1st May 2025
The iHV is delighted to celebrate the launch of the Wales Mental Health and Wellbeing Strategy and Delivery Plan. Published yesterday, the 10-year plan outlines ambitions to ensure people in Wales live in communities that:
- promote and support mental health and wellbeing
- give them the power to improve their mental health and wellbeing
- are free from stigma and discrimination.
The strategy has been informed and shaped through extensive engagement with the public, people with lived experience and stakeholders, including the iHV, and sets out the key priorities needed to achieve these ambitions.
Specialist Health Visitors for Perinatal Mental Health in Wales have collectively reflected on the strategy, saying:
“We really welcome the focus on the importance of Infant Mental Health and the First 1000 days, particularly on improving support for parent-infant relationships.
“It’s so good to read the individual stories highlighting the important role that health visiting plays in identifying and supporting Perinatal Mental Health and Parent-Infant relationship difficulties.
“We look forward to seeing how the implementation of this strategy develops in Wales, so that all babies not only have the best start, but flourish across their life.”
Hilda Beauchamp, iHV PIMH Lead, says:
“Our submission to the strategy consultation last year urged recognition that good mental health requires a life course approach which includes a focus on the earliest years of life, from conception onwards. We are encouraged to see the all-age approach encompassed in the vision statements and the clear recognition given to the vital role of health visitors. We know that a well-resourced and appropriately trained health visiting workforce can provide clinical and cost-effective care to families.
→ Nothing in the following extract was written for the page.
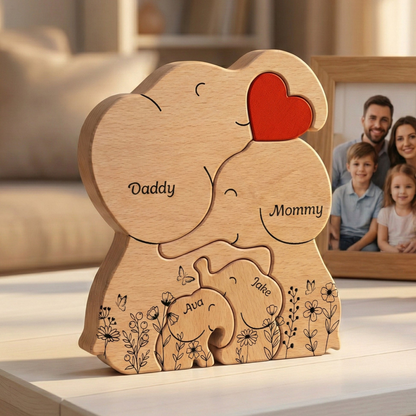 Elephant Family Parents & Kids - Custom Names - Mother's Day Gift - Personalized Wooden Family Puzzle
This can prevent mental health issues developing or escalating and ensure that families who need additional support receive it as soon as possible. The character story of Dan and baby Elijah beautifully illustrates the impact of a trusted health visitor relationship in improving paternal mental health and the father-baby relationship.”
Delivery plans to accompany the strategy and ensure best use of resources to achieve the vision will be developed, alongside the development of a ‘theory of change’ to set out the mechanism by which the strategy intends to achieve its outcomes. The success of the strategy in achieving long-term systemic change relies on continued collaboration, partnership working and shared ownership of mental health and wellbeing.